Earth at its hottest in 115,000 years

A new paper submitted by James Hansen, a former senior NASA  climate scientist, and 11 other experts states that the 2016 temperature is likely to be 1.25°C above pre-industrial times, following a warming trend where the world has heated up at a rate of 0.18°C per decade over the past 45 years, reported the Guardian.

This rate of warming is bringing Earth in line with temperatures last seen in the Eemian period, an interglacial era ending 115,000 years ago when there was much less ice and the sea level was 6-9 meters (20-30ft) higher than today.

In order to meet targets set at last year’s Paris climate accord to avoid runaway climate change, ‘massive CO2 extraction’ costing an eye-watering $104 trillion to $570 trillion will be required over the coming century with ‘large risks and uncertain feasibility’ as to its success, the paper stated.

“There’s a misconception that we’ve begun to address the climate problem,” said Hansen, who brought climate change into the public arena through his testimony to the US congress in the 1980s. “This misapprehension is based on the Paris climate deal where governments clapped themselves on the back but when you look at the science it doesn’t compute, it’s not true.

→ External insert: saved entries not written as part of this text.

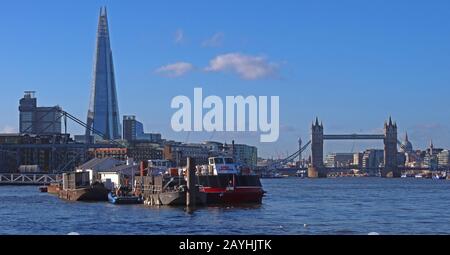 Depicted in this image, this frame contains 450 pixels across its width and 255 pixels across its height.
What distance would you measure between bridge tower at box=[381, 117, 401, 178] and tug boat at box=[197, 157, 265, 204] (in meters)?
114

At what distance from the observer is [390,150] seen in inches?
6048

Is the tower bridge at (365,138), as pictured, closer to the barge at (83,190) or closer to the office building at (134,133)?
the office building at (134,133)

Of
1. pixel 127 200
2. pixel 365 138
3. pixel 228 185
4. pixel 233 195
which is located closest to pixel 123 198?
pixel 127 200

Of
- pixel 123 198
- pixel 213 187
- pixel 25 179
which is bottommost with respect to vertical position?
pixel 123 198

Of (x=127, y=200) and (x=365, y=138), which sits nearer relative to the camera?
(x=127, y=200)

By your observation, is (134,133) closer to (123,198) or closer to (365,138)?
(365,138)

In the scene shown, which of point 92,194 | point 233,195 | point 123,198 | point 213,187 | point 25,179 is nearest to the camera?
point 233,195

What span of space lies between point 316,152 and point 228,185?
4527 inches

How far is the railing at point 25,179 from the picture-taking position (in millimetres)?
101662

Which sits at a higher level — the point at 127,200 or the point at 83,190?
the point at 83,190

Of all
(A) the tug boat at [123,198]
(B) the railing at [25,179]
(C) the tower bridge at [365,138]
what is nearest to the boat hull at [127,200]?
(A) the tug boat at [123,198]

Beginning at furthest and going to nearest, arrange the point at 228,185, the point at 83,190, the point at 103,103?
the point at 103,103 → the point at 83,190 → the point at 228,185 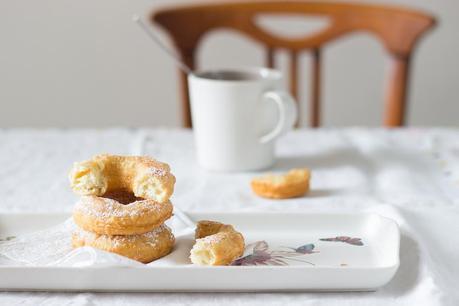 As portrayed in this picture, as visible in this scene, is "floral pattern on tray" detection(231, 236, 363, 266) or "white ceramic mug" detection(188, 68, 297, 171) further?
"white ceramic mug" detection(188, 68, 297, 171)

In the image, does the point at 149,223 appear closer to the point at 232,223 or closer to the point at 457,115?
the point at 232,223

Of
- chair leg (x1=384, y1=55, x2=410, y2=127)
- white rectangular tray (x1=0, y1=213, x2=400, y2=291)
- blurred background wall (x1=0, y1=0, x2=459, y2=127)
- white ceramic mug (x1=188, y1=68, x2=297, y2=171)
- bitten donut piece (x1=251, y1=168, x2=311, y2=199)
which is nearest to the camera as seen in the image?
white rectangular tray (x1=0, y1=213, x2=400, y2=291)

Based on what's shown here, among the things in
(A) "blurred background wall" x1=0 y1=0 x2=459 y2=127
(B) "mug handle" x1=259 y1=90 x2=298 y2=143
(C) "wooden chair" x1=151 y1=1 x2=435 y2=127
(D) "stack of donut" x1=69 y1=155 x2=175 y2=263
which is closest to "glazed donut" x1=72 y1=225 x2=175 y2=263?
(D) "stack of donut" x1=69 y1=155 x2=175 y2=263

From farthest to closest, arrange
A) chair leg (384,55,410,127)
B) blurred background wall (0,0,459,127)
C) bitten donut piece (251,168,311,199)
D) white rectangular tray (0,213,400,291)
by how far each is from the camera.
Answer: blurred background wall (0,0,459,127) → chair leg (384,55,410,127) → bitten donut piece (251,168,311,199) → white rectangular tray (0,213,400,291)

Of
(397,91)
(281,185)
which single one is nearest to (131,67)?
(397,91)

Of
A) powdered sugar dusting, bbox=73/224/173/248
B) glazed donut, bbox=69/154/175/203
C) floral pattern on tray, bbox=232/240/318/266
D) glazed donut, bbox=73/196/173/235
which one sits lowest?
floral pattern on tray, bbox=232/240/318/266

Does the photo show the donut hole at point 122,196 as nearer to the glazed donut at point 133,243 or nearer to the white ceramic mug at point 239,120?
the glazed donut at point 133,243

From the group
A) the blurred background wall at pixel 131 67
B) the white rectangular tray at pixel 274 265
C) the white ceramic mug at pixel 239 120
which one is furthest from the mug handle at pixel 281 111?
the blurred background wall at pixel 131 67

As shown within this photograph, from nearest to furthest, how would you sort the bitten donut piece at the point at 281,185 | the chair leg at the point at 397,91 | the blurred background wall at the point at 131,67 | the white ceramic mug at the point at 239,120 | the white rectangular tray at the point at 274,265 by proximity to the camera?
the white rectangular tray at the point at 274,265, the bitten donut piece at the point at 281,185, the white ceramic mug at the point at 239,120, the chair leg at the point at 397,91, the blurred background wall at the point at 131,67

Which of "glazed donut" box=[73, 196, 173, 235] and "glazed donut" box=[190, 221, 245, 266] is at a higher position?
"glazed donut" box=[73, 196, 173, 235]

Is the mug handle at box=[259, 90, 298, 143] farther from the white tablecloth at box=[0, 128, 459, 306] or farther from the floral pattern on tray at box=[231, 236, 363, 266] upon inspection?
the floral pattern on tray at box=[231, 236, 363, 266] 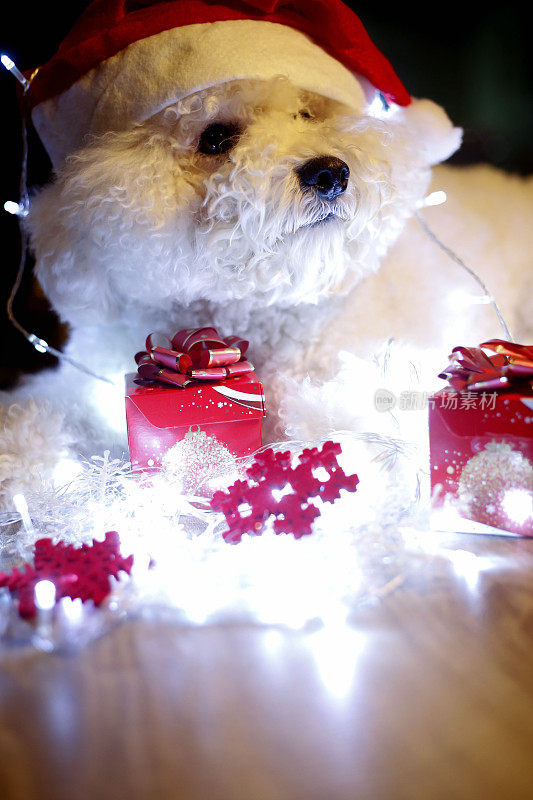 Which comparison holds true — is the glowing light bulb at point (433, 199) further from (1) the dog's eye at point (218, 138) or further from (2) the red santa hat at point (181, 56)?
(1) the dog's eye at point (218, 138)

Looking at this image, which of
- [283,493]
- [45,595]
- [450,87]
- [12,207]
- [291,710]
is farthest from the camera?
[450,87]

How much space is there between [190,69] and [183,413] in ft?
1.58

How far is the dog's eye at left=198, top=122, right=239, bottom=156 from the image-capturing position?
3.05ft

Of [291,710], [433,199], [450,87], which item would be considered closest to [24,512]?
[291,710]

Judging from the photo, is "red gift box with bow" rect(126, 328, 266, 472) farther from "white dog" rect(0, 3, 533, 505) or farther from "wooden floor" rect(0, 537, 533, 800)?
"wooden floor" rect(0, 537, 533, 800)

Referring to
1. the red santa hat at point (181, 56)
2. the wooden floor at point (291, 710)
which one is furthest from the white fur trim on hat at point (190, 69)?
the wooden floor at point (291, 710)

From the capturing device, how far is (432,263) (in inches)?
49.2

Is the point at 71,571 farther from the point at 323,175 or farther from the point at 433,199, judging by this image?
the point at 433,199

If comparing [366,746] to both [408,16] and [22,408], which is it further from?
[408,16]

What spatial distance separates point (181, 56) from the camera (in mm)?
877

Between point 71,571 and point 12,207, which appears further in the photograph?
point 12,207

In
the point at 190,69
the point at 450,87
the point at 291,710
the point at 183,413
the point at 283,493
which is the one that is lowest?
the point at 291,710

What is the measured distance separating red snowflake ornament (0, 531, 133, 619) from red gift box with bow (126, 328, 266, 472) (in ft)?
0.52

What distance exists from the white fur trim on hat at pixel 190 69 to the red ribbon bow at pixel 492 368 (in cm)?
46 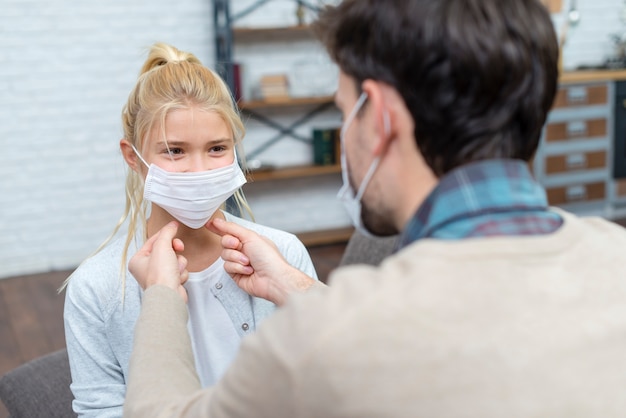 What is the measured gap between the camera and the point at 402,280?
77 centimetres

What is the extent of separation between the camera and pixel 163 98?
1.51 meters

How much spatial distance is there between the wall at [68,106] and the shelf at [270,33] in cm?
9

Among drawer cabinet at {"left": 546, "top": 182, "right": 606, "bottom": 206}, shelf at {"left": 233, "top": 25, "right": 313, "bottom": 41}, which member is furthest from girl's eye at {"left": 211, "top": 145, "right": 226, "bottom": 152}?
drawer cabinet at {"left": 546, "top": 182, "right": 606, "bottom": 206}

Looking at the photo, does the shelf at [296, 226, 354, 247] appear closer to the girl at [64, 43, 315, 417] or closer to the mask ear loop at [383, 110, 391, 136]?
the girl at [64, 43, 315, 417]

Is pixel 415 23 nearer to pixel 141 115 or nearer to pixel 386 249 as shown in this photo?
pixel 141 115

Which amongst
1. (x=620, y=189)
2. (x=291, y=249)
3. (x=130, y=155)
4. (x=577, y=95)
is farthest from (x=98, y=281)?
(x=620, y=189)

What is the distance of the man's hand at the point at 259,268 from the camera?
4.44ft

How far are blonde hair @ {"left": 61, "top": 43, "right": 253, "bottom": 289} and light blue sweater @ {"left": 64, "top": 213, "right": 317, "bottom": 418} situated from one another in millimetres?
46

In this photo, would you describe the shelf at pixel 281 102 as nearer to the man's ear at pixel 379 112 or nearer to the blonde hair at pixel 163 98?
the blonde hair at pixel 163 98

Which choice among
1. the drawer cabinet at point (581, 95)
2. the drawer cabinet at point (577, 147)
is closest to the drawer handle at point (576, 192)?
the drawer cabinet at point (577, 147)

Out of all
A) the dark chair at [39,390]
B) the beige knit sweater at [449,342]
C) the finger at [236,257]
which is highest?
the beige knit sweater at [449,342]

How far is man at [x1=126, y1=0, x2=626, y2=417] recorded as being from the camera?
75cm

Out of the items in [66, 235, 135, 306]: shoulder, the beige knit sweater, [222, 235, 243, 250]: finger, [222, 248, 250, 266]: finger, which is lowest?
[66, 235, 135, 306]: shoulder

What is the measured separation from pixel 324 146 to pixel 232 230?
3.23m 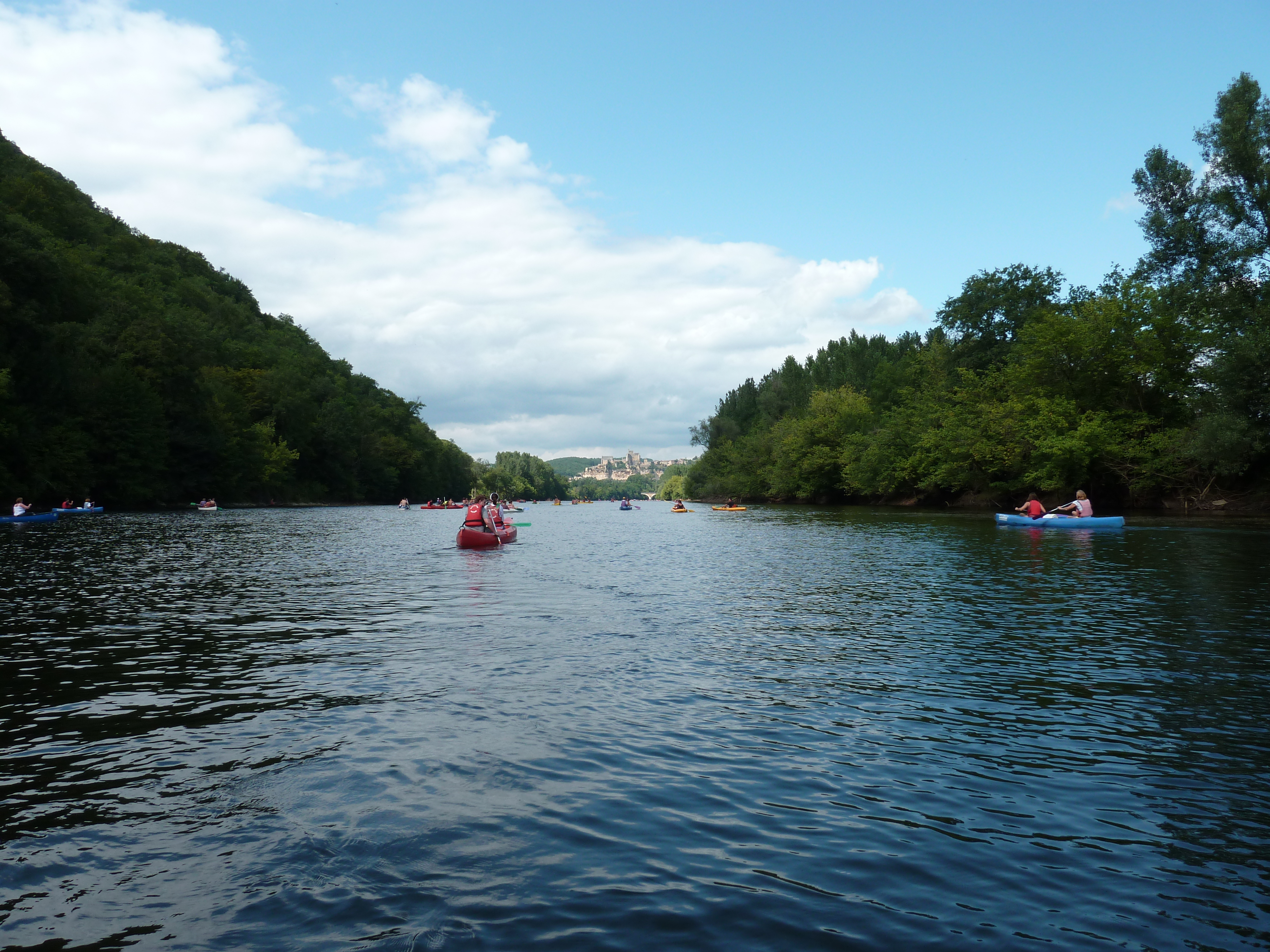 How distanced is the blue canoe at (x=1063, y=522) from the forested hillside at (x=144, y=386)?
63.1 meters

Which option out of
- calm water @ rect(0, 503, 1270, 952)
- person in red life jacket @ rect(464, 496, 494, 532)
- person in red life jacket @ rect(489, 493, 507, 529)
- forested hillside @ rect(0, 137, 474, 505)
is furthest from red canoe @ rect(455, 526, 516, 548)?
forested hillside @ rect(0, 137, 474, 505)

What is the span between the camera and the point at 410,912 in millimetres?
5129

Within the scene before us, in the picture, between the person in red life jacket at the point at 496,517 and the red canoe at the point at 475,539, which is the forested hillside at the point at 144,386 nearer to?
the person in red life jacket at the point at 496,517

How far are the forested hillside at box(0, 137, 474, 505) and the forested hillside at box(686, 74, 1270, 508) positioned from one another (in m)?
71.8

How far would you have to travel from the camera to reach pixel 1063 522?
4466cm

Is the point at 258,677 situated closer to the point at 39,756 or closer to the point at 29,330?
the point at 39,756

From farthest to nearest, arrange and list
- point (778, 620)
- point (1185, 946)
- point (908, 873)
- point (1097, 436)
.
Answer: point (1097, 436) → point (778, 620) → point (908, 873) → point (1185, 946)

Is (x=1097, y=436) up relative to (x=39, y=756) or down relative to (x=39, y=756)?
up

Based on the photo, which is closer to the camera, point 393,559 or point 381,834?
point 381,834

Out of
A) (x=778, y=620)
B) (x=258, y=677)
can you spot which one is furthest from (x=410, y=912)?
(x=778, y=620)

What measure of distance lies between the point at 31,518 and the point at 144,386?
92.5ft

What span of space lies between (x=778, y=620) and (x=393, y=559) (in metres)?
20.2

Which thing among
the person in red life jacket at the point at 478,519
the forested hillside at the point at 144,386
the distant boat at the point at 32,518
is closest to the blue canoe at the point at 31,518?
the distant boat at the point at 32,518

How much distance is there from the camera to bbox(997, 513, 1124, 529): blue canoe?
42.5 meters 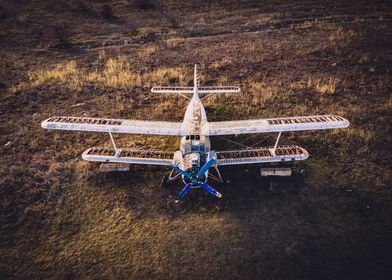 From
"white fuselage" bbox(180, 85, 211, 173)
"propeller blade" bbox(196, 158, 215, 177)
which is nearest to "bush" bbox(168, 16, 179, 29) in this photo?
"white fuselage" bbox(180, 85, 211, 173)

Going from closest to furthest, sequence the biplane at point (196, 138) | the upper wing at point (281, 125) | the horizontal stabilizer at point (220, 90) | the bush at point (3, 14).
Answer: the biplane at point (196, 138) → the upper wing at point (281, 125) → the horizontal stabilizer at point (220, 90) → the bush at point (3, 14)

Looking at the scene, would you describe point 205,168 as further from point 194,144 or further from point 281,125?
point 281,125

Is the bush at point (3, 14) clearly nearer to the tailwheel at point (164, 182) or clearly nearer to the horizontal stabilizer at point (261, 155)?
the tailwheel at point (164, 182)

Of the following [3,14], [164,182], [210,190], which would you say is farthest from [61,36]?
A: [210,190]

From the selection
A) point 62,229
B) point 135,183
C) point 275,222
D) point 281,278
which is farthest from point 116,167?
point 281,278

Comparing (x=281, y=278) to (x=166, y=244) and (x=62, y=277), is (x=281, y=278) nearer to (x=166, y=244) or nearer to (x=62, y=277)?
(x=166, y=244)

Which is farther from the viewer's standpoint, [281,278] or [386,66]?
[386,66]

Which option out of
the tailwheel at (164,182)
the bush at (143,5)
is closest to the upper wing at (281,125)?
the tailwheel at (164,182) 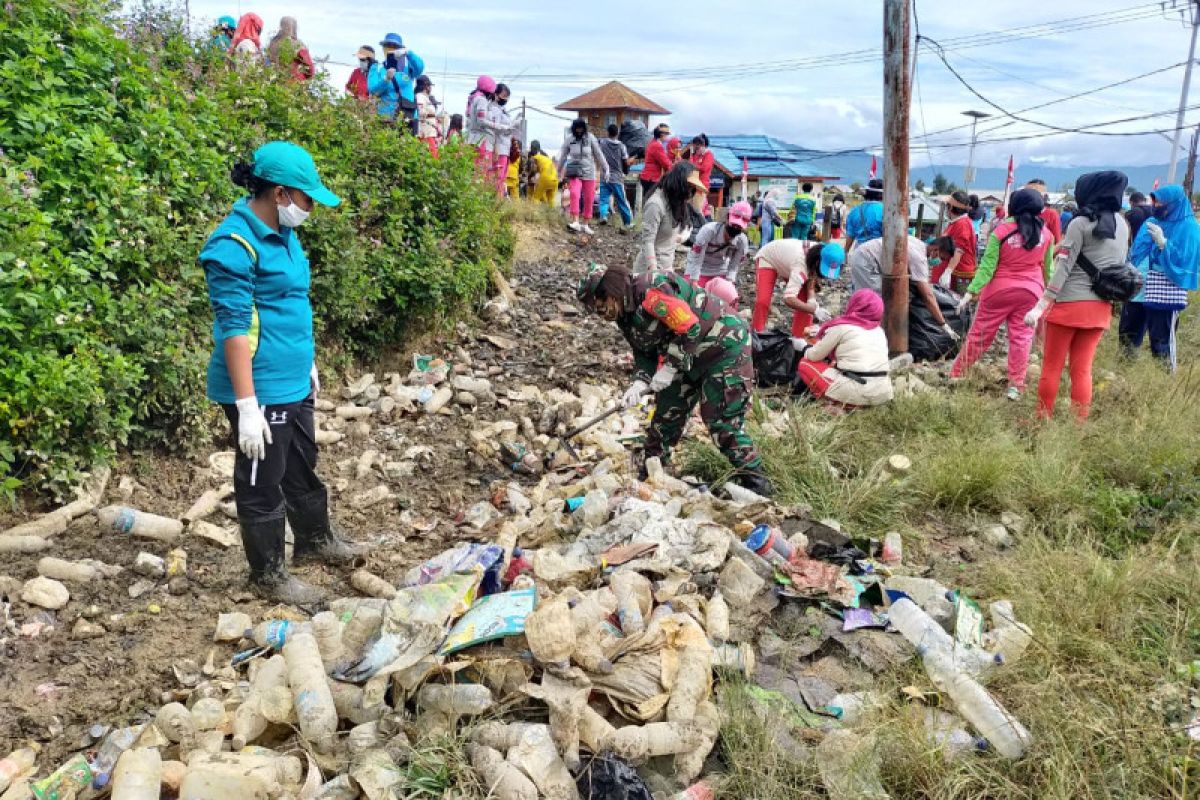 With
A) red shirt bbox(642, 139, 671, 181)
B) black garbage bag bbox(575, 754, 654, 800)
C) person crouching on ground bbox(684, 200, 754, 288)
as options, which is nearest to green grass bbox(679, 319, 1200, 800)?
black garbage bag bbox(575, 754, 654, 800)

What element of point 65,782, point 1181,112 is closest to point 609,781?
point 65,782

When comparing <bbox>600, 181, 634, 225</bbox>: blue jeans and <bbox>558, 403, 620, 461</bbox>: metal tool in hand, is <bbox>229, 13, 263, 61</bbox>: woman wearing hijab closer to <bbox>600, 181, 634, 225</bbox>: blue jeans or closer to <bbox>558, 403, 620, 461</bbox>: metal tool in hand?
<bbox>558, 403, 620, 461</bbox>: metal tool in hand

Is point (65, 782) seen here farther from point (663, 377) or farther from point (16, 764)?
point (663, 377)

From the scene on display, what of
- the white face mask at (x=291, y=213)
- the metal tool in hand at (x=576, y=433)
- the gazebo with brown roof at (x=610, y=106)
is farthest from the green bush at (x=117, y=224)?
the gazebo with brown roof at (x=610, y=106)

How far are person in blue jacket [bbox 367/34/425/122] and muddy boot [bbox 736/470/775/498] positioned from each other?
6.24 metres

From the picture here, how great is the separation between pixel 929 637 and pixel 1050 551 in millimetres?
1131

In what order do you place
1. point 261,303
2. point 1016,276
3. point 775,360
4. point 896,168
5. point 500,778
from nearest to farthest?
point 500,778
point 261,303
point 1016,276
point 775,360
point 896,168

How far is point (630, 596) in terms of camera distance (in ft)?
10.3

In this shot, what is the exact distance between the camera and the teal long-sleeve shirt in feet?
9.92

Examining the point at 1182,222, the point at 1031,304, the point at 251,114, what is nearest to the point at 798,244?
the point at 1031,304

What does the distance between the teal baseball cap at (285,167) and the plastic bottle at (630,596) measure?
1816mm

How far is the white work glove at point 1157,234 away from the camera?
22.4ft

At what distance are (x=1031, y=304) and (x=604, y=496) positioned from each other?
4.06 metres

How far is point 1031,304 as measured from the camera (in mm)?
6297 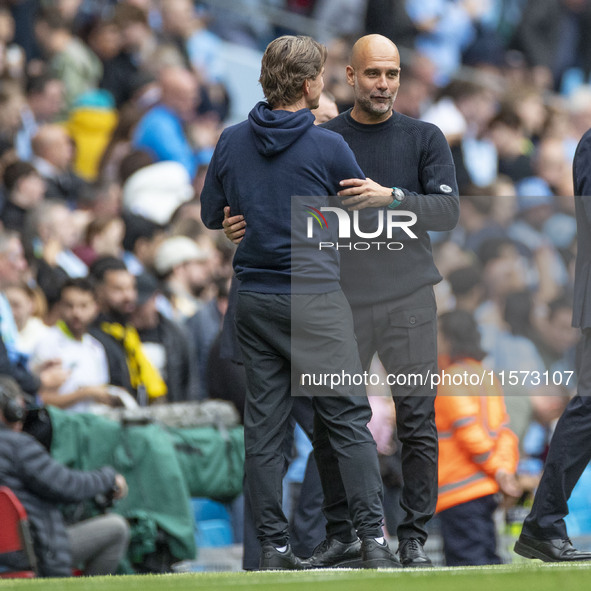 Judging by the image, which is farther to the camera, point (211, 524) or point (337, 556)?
point (211, 524)

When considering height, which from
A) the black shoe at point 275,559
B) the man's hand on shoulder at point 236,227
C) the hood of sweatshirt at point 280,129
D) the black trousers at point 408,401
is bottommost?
the black shoe at point 275,559

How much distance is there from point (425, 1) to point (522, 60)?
153 centimetres

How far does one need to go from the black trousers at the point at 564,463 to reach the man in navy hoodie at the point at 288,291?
2.41ft

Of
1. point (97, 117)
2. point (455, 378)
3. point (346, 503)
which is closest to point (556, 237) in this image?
point (97, 117)

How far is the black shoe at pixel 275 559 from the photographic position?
5520 millimetres

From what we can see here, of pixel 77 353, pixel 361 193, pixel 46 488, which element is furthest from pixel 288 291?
pixel 77 353

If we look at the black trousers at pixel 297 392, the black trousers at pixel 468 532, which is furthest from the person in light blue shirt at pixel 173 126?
the black trousers at pixel 297 392

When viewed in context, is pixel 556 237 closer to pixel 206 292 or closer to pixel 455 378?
pixel 206 292

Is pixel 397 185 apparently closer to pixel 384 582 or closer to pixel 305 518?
pixel 305 518

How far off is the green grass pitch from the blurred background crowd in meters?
2.67

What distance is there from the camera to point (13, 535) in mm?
6906

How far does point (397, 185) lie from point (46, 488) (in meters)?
2.60

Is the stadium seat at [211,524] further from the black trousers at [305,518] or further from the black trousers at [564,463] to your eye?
the black trousers at [564,463]

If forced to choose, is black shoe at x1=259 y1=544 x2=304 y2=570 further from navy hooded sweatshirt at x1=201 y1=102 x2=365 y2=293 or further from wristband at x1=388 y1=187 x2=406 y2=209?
wristband at x1=388 y1=187 x2=406 y2=209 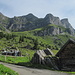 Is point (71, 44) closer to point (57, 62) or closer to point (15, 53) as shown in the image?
point (57, 62)

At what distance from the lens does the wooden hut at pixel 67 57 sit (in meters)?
27.6

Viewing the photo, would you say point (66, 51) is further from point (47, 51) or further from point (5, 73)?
point (5, 73)

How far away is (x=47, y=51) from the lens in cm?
3500

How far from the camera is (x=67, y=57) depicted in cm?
2825

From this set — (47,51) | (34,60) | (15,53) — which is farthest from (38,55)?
(15,53)

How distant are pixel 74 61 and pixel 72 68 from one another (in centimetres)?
154

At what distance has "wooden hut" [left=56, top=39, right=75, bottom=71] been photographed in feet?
90.4

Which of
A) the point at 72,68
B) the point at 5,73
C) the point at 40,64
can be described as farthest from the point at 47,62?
the point at 5,73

“Even with optimistic assumptions (future emissions reduction) will cost hundreds of trillions of dollars. It’s potentially putting young people in charge of a situation that is beyond their control. It’s not clear they will be able to take such actions.”

The paper, submitted as a discussion paper to the Earth System Dynamics journal, is a departure from the usual scientific process as it has yet to be peer reviewed and has been launched to support a legal case waged by a group of young people against the US government.

Last year, 21 youths aged between eight and 19 years old filed a constitutional lawsuit against the Obama administration for failing to do enough to slow climate change. Hansen and his granddaughter are parties to legal challenge, which was filed in Oregon and asserts that the government has violated young people’s rights to life, liberty and property.

Recent studies have cast doubt over whether the world will stay with an aspirational temperature target set in Paris

Hansen, who has become increasingly outspoken on climate change since retiring from NASA in 2013, said he recognized some scientists might object to publicizing the paper so soon but that ‘we are running out of time on this climate issue’.

The courts need to step in to force governments to act on climate change because they are largely free of the corrupting influence of special interests, Hansen said. He repeated his call for a global tax to be placed upon carbon emissions and said that fossil fuel companies should be forced to pay for emissions extraction in the same way the tobacco industry has been sued over the health impact of cigarettes.

“The science is crystal clear, we have to phase out emissions over the next few decades,” Hansen said. “That won’t happen without substantial actions by Congress and the executive branch and that’s not happening so we need the courts to apply pressure, as they did with civil rights.”

Several recent studies have cast doubt over whether the world will stay with an aspirational target set in Paris of a 1.5°C limit on the average global temperature rise. This guardrail, and even the 2°C limit agreed by 195 nations, appears dependent on as-yet undeveloped technology that would remove greenhouse gases from the atmosphere.

Under this scenario, huge emissions cuts would be supplemented by a widespread conversion to biofuels that would be burned for energy. The emissions from this energy would then be buried underground. Some sort of futuristic technology that sucks CO2 directly from the atmosphere may also be required.